Please tell me what you think, but be gentle? I need more pics, I know, or perhaps just a more interesting layout.

Also please share yours! I'd love to see different approaches, but mostly I'd like best to see everyone's work!

http://scrappythebandit.blogspot.com/


----------



## kesoaps (Dec 18, 2004)

Cute blog! Your photos look great, btw.


----------



## Wisconsin Ann (Feb 27, 2007)

an Alpaca cowl? omg...how wonderfully snuggly.
That quilt is going to be BRIGHT! can't wait to see it done. 

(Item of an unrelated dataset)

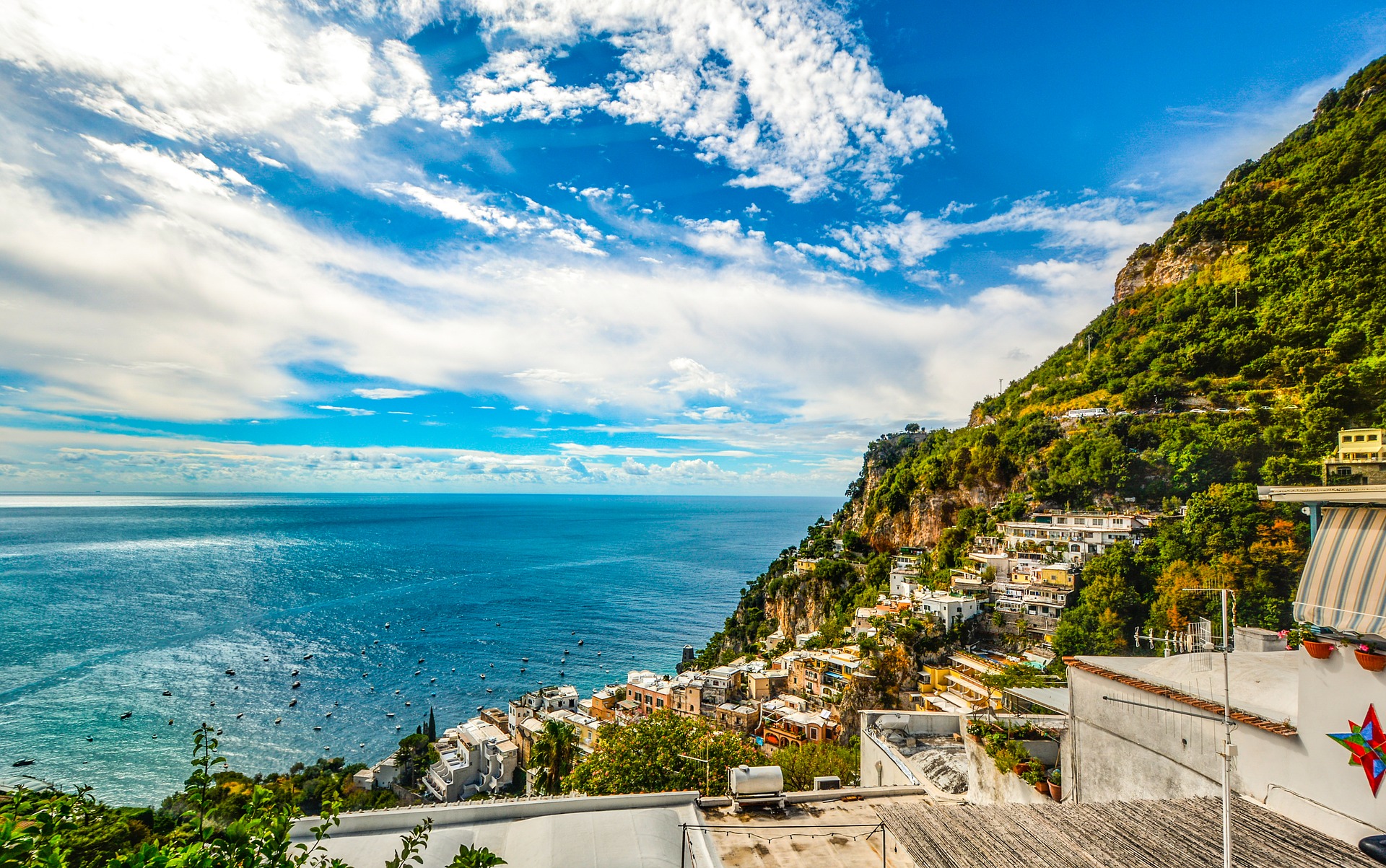 Idées de vacances en Italie... - plare. amalfi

nice blog. enjoyed reading.


----------



## js2743 (Dec 4, 2006)

I love how you added all the pictures for interest, kept my attetion and made me want to read more so ide know what the pics was about.
By the way i love the granny squares! I wish i knew how to do that!

great blog!


----------



## littlebird (Mar 30, 2007)

Thanks so much, everyone!

I've had lots of visitors in the last couple of weeks, and some have even left comments!

Thanks for all the feedback. I'd like to post more often, but we've been pretty busy this last little while. It would be nice to be able to post just about every day. I've got lots of crafting things going on, but Blogger is so slow to use. I'm not happy with the autoformatting, and I'm not very familiar with HTML. Another thing to learn, I guess :shrug: 

Keep checking back, I'll try to post lots!

Best,
allison


----------